As time went by, the inhabitants of Nerluc grew ever more desperate to free themselves from the tarasque's unremitting tyranny. One one occasion, 16 of the town's bravest men marched out to do battle with their adversary - but all to no avail. In a matter of moments, half of their number had been incinerated by a single blast of flame belched from the monster's gullet, and the remaining octet fled back to Nerluc, fortunate to have survived their ordeal by fire.
Tarasque and St Martha, Angus McBride

Nerluc seemed doomed, destined for destruction - but then there came along someone who may well have seemed, at least to an outsider, to be the most unlikely dragon vanquisher of all time. One day, a small boat docked at the nearby port of Saintes-Maries-de-la-Mer, and out of it stepped a young, lissom maiden, with fresh complexion and a simple dress of purest white. She had journeyed here from Arles, from where her fame had spread far and wide. For this unassuming figure of gentle demeanour was Saint Martha - whose inspirational preaching and acts of selfless beneficence had brought joy and hope to all who met her. As soon as her arrival became known, the townspeople of Nerluc flocked to her and tearfully implored her to free them from the oppression of the tarasque. In reply, Saint Martha promised to do all she could for them, and, without further ado, she journeyed through the outlying fields towards the Rhône-bordering forest that harboured her fire-breathing quarry. She did not have to search for long. Within a few minutes of entering the forest's verdant interior, she spied the tarasque in a sunlit clearing - devouring the final portion of its latest victim, a local herdsman. So intent was the monster upon its gory repast that it remained totally unaware of her presence. This enabled the saint to approach to within touching distance of its gleaming carapace and rippling mane - and also to pick up two branches that had been recently charred by its conflagrating breath. In that moment, however, the tarasque sensed her, and whirled around, its rapacious eyes ablaze with paroxysms of flame like febrile, dancing infernos.

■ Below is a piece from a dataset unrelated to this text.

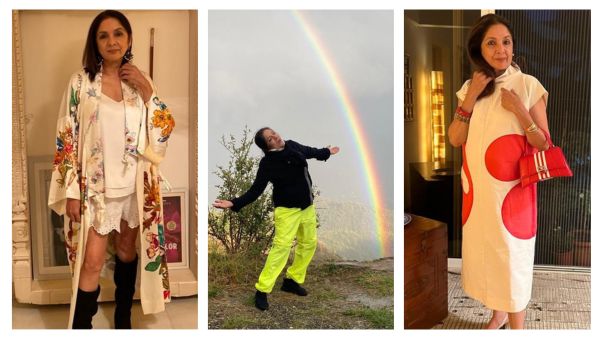 Neena Guptas 3 Secrets To Selfcare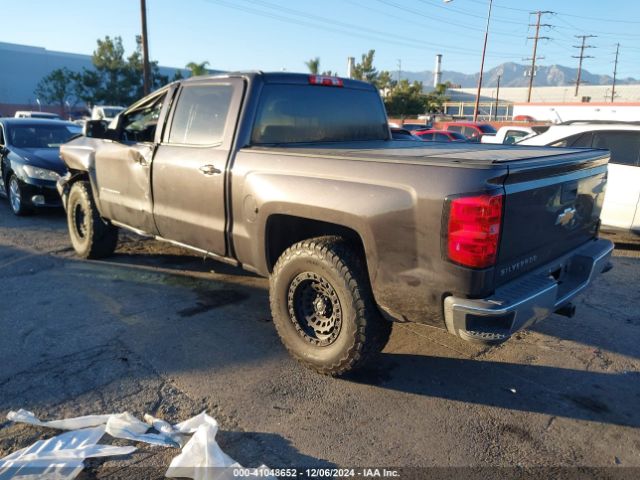 3GCPCREC4EG391752 Chevrolet Silverado 1500 1lt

Instantly, Martha raised the two branches in front of her, and held them before her monstrous adversary in the shape of the Cross. As she did so, the tarasque's eyes dimmed, their incandescence replaced by a mellow golden hue, and the mighty creature lay passively at the saint's feet, overcome by a welter of bemusement and unwonted peace. Martha bent down and sprinkled holy water all over the subdued dragon. Then with braids of her own hair she wove a huge collar and lead with which she led it amiably back to Nerluc. This astonishing spectacle - the bloodthirsty tarasque, tethered and tame as a docile puppy! - initially rendered the townspeople speechless and immobile. Once their fear of their longstanding enemy had subsided, however, they grew bolder, coming up to the beast and touching it - then hitting, punching, and kicking it, and hurling rocks and sticks at it, as their anger at its former atrocities burst forth in an uncontrollable tide of hatred and revenge. The tarasque cowered in fright at this sustained onslaught, and Saint Martha pleaded with the horde to forgive the beast and let it live in its new, transformed state - but it was too late. Whether through direct physical attack or the almost tangible weight of loathing heaped upon it, the tarasque suddenly rolled over, and died. Even today, this monster's memory is still manifest here. As a lasting reminder of its former tribulations, Nerluc is nowadays called Tarascon, it stages a tarasque festival each Whitsun, and its official seal depicts this erstwhile oppressor in all its terrible splendour.

Due to its exceptional morphology, cryptozoologists rarely seek to identify the tarasque with any known type of animal, either from the present or from the past. Having said that, over the years I have encountered one or two brave attempts - in which this extraordinary neo-dragon has been variously mooted as a surviving ankylosaur dinosaur or a lingering glyptodont (gigantic armadillo-like mammal from prehistoric South America). Ingenious suggestions, certainly, but tragically flawed by the unavoidable fact that no ankylosaur or glyptodont unearthed so far by palaeontologists happens to possess six legs!